A full transcript follows the video.

This video was recorded on July 9, 2018.

Mac Greer: Guys, let's move on to Starbucks. A lot of different news here. We have outgoing executive chairman Howard Schultz saying that the recent slowdown in China would be short-lived. Starbucks also announcing that it's getting rid of plastic straws by 2020.

Jason Moser: [claps] I applaud that plastic straws move! Thank you!

Greer: That's great! We were just talking before the show, Jason, you were saying you're not a straw guy, you don't use straws.

Moser: I'm not. I'm not a straw guy. I feel like that's one of the obvious things that you could either just change, or make it out of something compostable. It's just one of those simple little fixes, I don't know why we haven't done it yet. K-Cups, same thing. How hard is it to produce a fully compostable K-Cup? I don't know! That stuff is all magic to me anyway! But I have to believe someone out there can do it, right?

Greer: You have to believe. If we can put a man on the moon ... Taylor, what do you think of the Starbucks news?

Taylor Muckerman: I wonder if straws were even big back when we put the first man on the moon. When did the first straw come out? I don't know, McDonald's, probably --

Greer: This is a bit of a digression, but when I was a kid -- there are going to be two or three listeners who will know this reference -- there were these things called Krazy straws.

Moser: Oh, yeah!

Muckerman: Oh, sure.

Greer: That would be the one exception. I would say that they should eliminate all straws but have Krazy straws.

Moser: But here's the difference, the Krazy straw is reusable! You would use it, you'd put it in the dishwasher, you'd clean it, and it's Krazy all over again!

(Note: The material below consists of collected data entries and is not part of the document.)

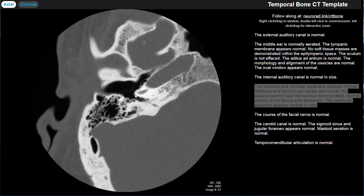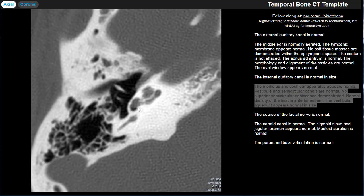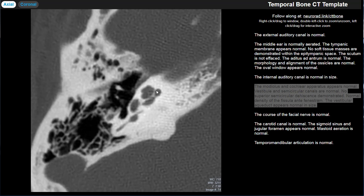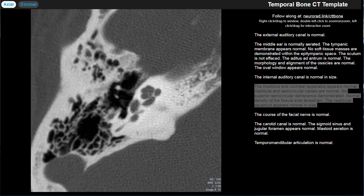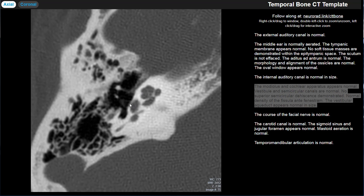The last point regarding the otic capsule is the fissula ante fenestram. 'Fissula' means cleft and 'ante fenestram' means in front of the window — referring to the oval window. So it's the cleft in front of the oval window. The bone in front of the oval window, lateral to the cochlea, is what you're identifying. When you get otospongiosis or otosclerosis, it starts with bony resorption of enchondral bone beginning in this area — so normal bone here should be nice and dense. If you're losing density there, that suggests otospongiosis.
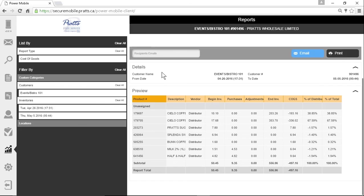And that's how you create a cost of goods sold report.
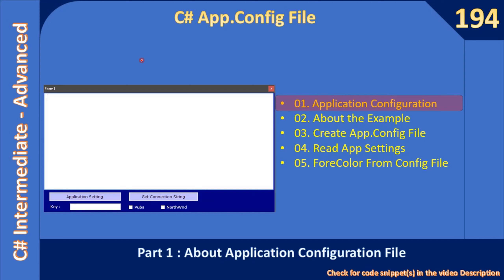Hello friends, welcome to C# intermediate to advanced tutorial. We are starting a new sub-series where you will learn how to create an app.config file, how to place application settings into it, and later how to read the application configuration file and apply those settings to the application.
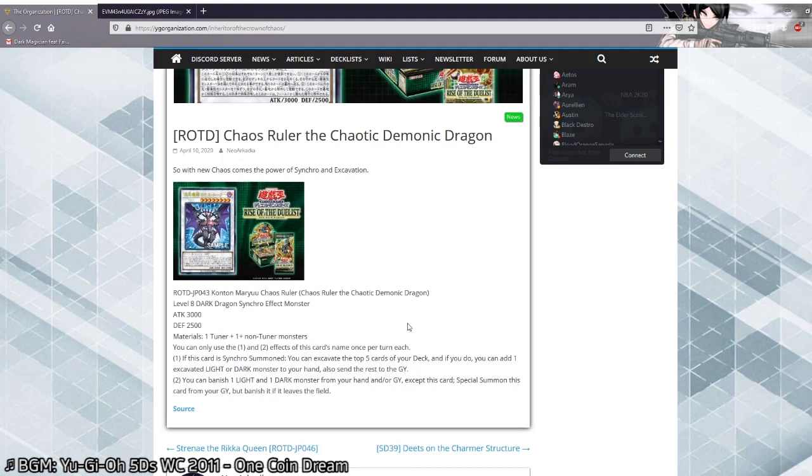Combined with Block Dragon, you can now just go into an exceeds Rank 8 without any effort, just by banishing a light and dark. I forgot to almost list the second effect. You can banish one light and dark monster from your hand and/or graveyard. Special summon this card from your graveyard, but banish it when it leaves the field. One thing to keep in mind is that if you attach it as an exceed material, it will not get banished. So basically you can keep recycling this if you use it as an exceed material.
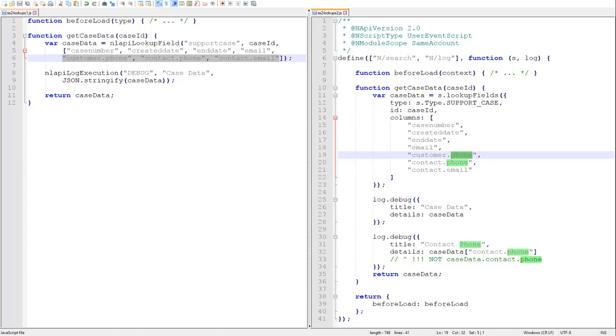Be aware that when you're using the records browser to identify lookup columns, you will be using the search columns section for the record, not the field IDs. Recall that under the hood, a lookup is just a search, so it's going to behave exactly the same. All of your columns should come from the search columns list, not the field IDs list in the records browser.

Greer: Oh, my God! It would last a thousand years!

Moser: Exactly! I'm OK with that because you can reuse it. It's that plastic, disposable, it kills me.

Greer: I would go to Starbucks more if they had Krazy straws. Right now, I'm a Dunkin' guy.

Moser: See, Dunkin' kills me because of the Styrofoam cups.

Greer: That's a great point.

Moser: I don't understand, why can't you make that switch?

Greer: You know what Dunkin' does? They take the time to put the cream and sugar in your coffee for you. I like that. I like that extra step. Life's hard enough.

Moser: Or are you lazy?

Greer: Absolutely! That's what I mean by the extra step. I'm lazy, do it for me. Taylor, back to Starbucks. What do you think about this whole China thing, Schultz saying, "Hey, you know the China story? Not too bad, don't worry." Do you buy that?

Muckerman: Just based on the fact that it's still pretty early days for Starbucks, and they are opening stores, it seems like, every 30 minutes in China ... I'm not too sure of the consumer preferences in China. I know tea is probably a big deal over there. I don't know about coffee. But coffee wasn't big and other countries that Starbucks moved into. In Europe, you think espresso is the big deal, but Starbucks is very successful serving their full cups of coffee over there, along with all their sugary beverages. I think there's a good future there.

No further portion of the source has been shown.